Во-вторых, выход за рамки ретро-. Ретромания, описанная Саймоном Рейнольдсом, обращена в глубину прошлого лишь на несколько десятков лет, воссоздавая стили 1960-х - 1980-х. Подобное ретро имело место и в России с середины 1990-х гг., воплощаясь в таких проектах, как "Старые песни о главном", возрождавшие позднесоветскую эстраду, или в ностальгических фильмах, таких как "Над темной водой" (Д. Месхиев). Позже, в 2000-е стал входить в моду ранее осмеянный брежневский политический стиль "застой" с егo установкой на "стабильность", или "стабилизец", как ерничали в конце 2010-х. Но дальше - все более крутой обрыв в прошлое. Рамки "ретро" уже стали узки для того обвала в архаику, который происходит в России, с особым ускорением после 2014 г.. Вспоминается неосуществленный проект поворота северных рек на юг, чтобы заставить их орошать азиатские пустыни. Время оказалось более податливой субстанцией, чем вода, и на знамени новейшей эпохи написано "Время, назад!"

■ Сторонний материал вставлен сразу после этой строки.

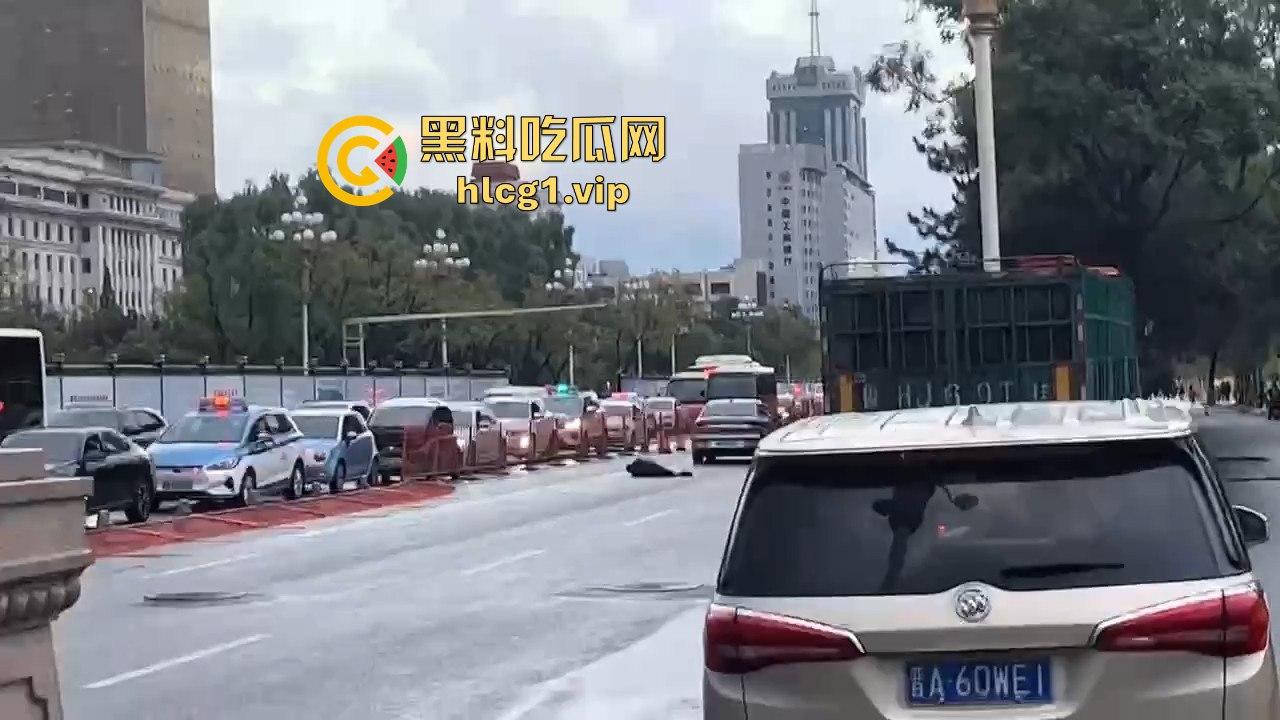 太原醉汉主干道停车持刀战3交警，打不过直接扒车逃跑，结果被托飞30米！  第8张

Как и в ХХ-м веке, Россия идет впереди планеты всей, совершая безудержный прыжок - однако уже не в коммунистическое будущее, а в феодальное прошлое. Стремительно захлопывается окно в Европу и возрождаются идеалы допетровской Московии. Снова в чести Иван Грозный и опричнина. Эту уже не ретро-, а архе-, АРХЕОКРАТИЯ, контрастно-симметричная советской футурократии... Вернулся государственный гимн советских времен - музыка А. Александрова на слова С. Михалкова. Победа над нацистской Германией в 1945 г. объявлена главным "скрепообразующим" событием российской истории. Центр национального самосознания сдвигается все глубже в старину. Был учрежден (в 2005 г.) праздник "народного единства" в честь разгрома польского гарнизона в Москве в 1612 г. - "день освобождения от польско-литовских захватчиков". Главным лицом Отечества, победителем широкомасштабного телевизионного конкурса “Имя Россия” признан (в 2008 г.) "святой благоверный" князь Александр Невский. Распространил ордынскую власть на Новгород, где выкалывал глаза тем, кто противился игу. 13-ый век. Получается, что за последующие восемь веков ни один великий ученый, писатель, композитор, мыслитель, полководец не просиял на отечественном небосклоне ярче, чем этот князь, бивший челобитную татаро-монголам.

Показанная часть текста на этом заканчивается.